The study was unique in that it evaluated participants' quality of life and nutritional status, through detailed biochemical measures, according to their dietary patterns. After controlling for gender, age, race, clinical site, education, physical activity, smoking, and total calorie intake, the "High-fat dairy products" cluster had a 40% higher risk of mortality than the "Healthy foods" cluster. The "Sweets and desserts" cluster had a 37% higher risk. No significant differences in risk of mortality were seen between the "Healthy foods" cluster and the "Breakfast cereal" or "Refined grains" clusters.

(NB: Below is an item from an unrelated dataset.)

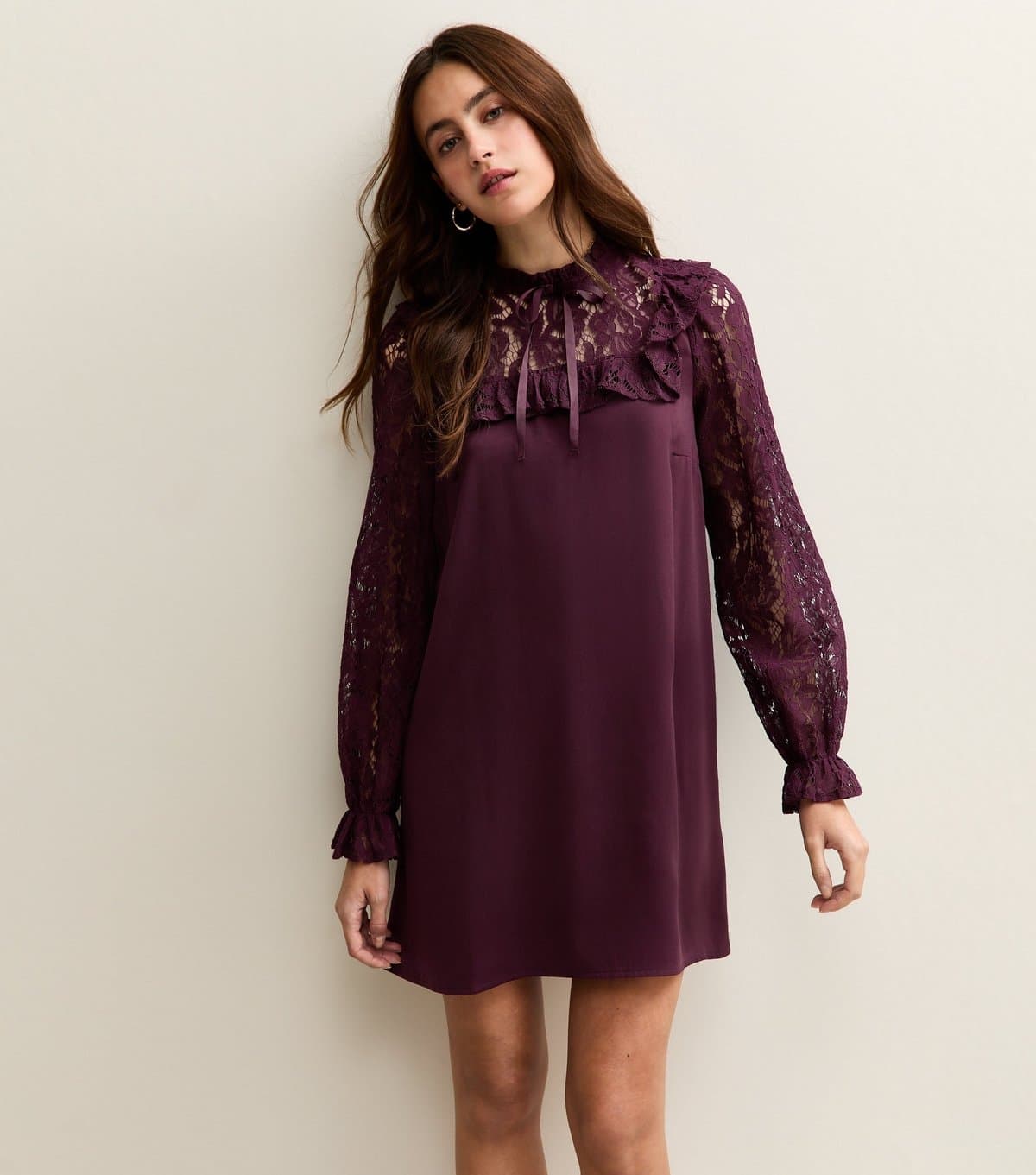 New Look Women's Dark Purple Lace Sleeve Smock Mini Dress New Look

According to lead author Amy L. Anderson, Ph.D., Department of Nutrition and Food Science, University of Maryland, the "results of this study suggest that older adults who follow a dietary pattern consistent with current guidelines to consume relatively high amounts of vegetables, fruit, whole grains, low-fat dairy products, poultry and fish, may have a lower risk of mortality. Because a substantial percentage of older adults in this study followed the 'Healthy foods' dietary pattern, adherence to such a diet appears a feasible and realistic recommendation for potentially improved survival and quality of life in the growing older adult population."
The article is "Dietary patterns and survival of older adults" by Amy L Anderson, Ph.D.; Tamara B Harris, M.D., M.S.; Frances A Tylavsky, Dr.P.H.; Sara E Perry, M.A., M.P.H.; Denise K Houston, Ph.D., R.D.; Trisha F Hue, M.P.H.; Elsa S Strotmeyer, Ph.D., M.P.H.; and Nadine R Sahyoun, Ph.D., R.D. It appears in the Journal of the American Dietetic Association, Volume 111, Issue 1 (January 2011) published by Elsevier.